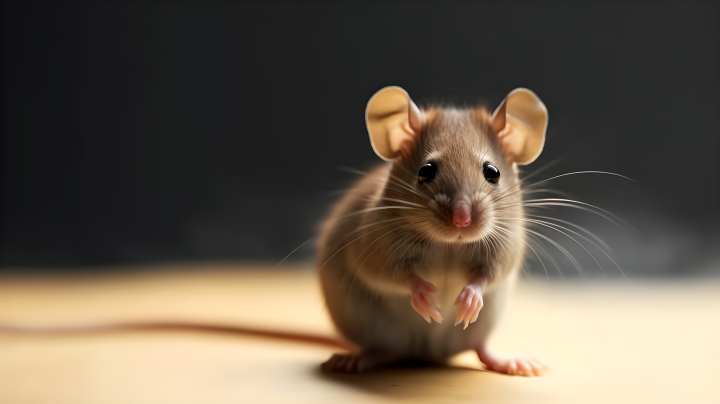 可爱小老鼠真实摄影版权图片下载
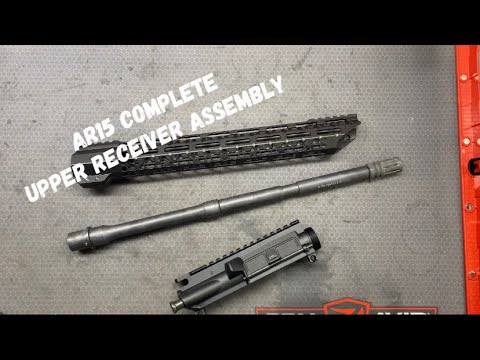 AR15 upper receiver and barrel assembly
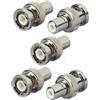 Sys adattatore connettore BNC / RCA BNC-RCA confezione 5 pezzi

EXERCISE >> The result should be a transcript of the lines from the line containing "AR15 upper receiver and barrel assembly" through the end of the listing above, exact, inclusive, and without pictures.

EXERCISE RESULT >>
 AR15 upper receiver and barrel assembly
 Sys adattatore connettore BNC / RCA BNC-RCA confezione 5 pezzi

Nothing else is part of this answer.